▸ **WHAT THIS TASK INVOLVES**: Please copy every record below exactly, leaving out the pictures.

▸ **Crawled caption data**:
++++++

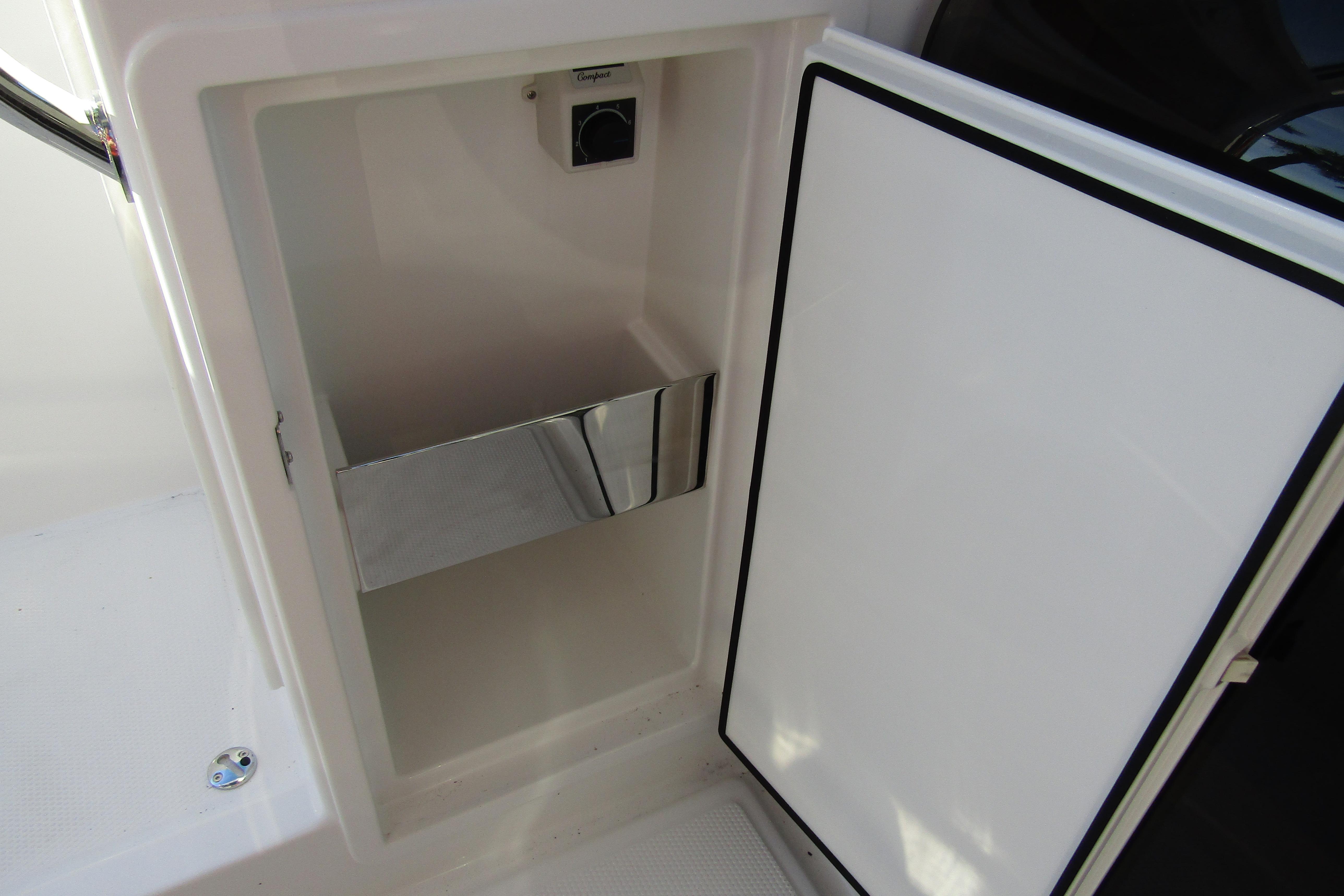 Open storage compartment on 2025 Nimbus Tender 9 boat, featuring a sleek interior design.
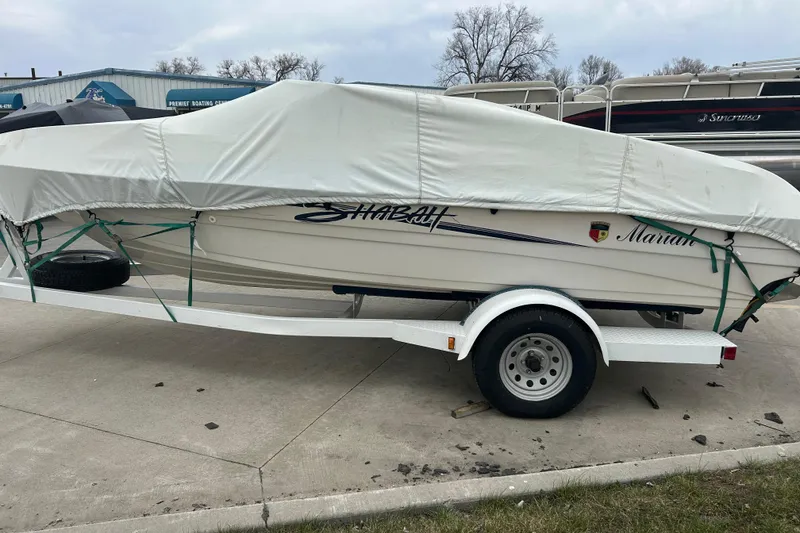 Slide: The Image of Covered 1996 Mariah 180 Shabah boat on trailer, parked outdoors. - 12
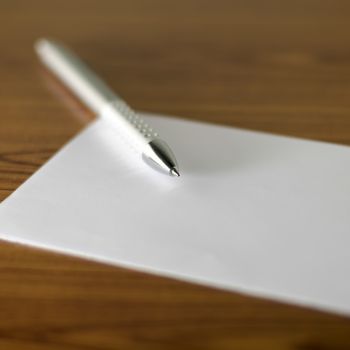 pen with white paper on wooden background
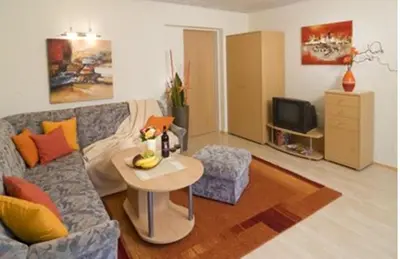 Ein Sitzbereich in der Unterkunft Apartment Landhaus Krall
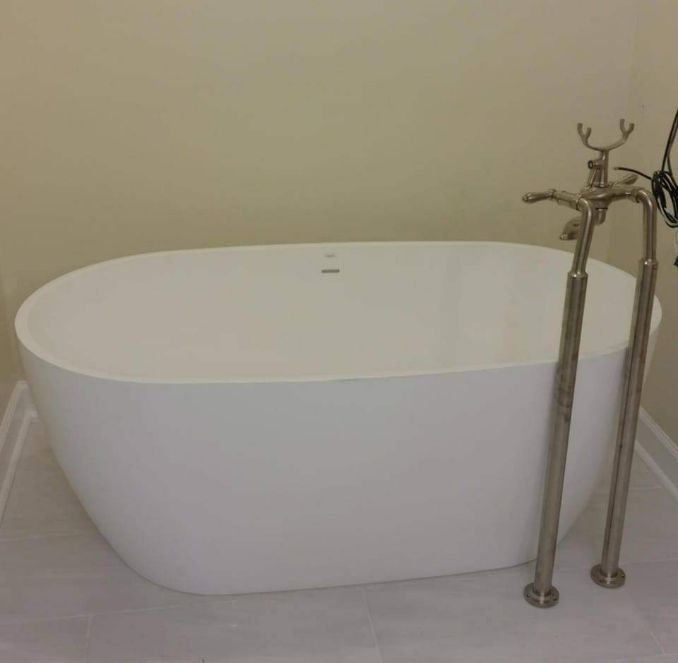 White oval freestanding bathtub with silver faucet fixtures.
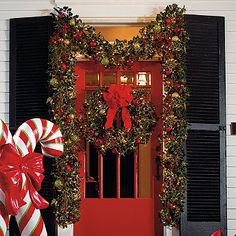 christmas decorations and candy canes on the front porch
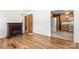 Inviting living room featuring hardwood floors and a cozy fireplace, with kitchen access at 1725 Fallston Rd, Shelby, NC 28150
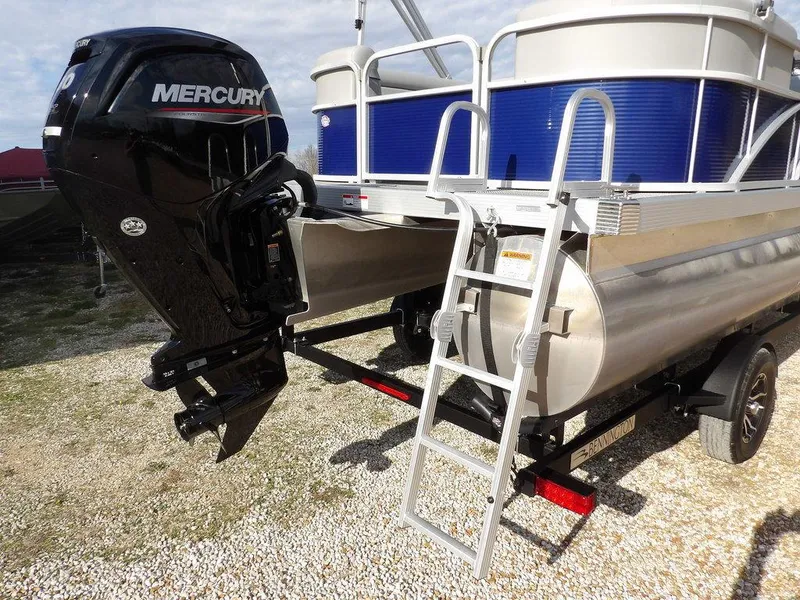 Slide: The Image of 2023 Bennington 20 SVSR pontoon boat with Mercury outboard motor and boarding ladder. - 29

++++++

▸ **OUTPUT OF THE TASK**:
 Open storage compartment on 2025 Nimbus Tender 9 boat, featuring a sleek interior design.
 Slide: The Image of Covered 1996 Mariah 180 Shabah boat on trailer, parked outdoors. - 12
 pen with white paper on wooden background
 Ein Sitzbereich in der Unterkunft Apartment Landhaus Krall
 White oval freestanding bathtub with silver faucet fixtures.
 christmas decorations and candy canes on the front porch
 Inviting living room featuring hardwood floors and a cozy fireplace, with kitchen access at 1725 Fallston Rd, Shelby, NC 28150
 Slide: The Image of 2023 Bennington 20 SVSR pontoon boat with Mercury outboard motor and boarding ladder. - 29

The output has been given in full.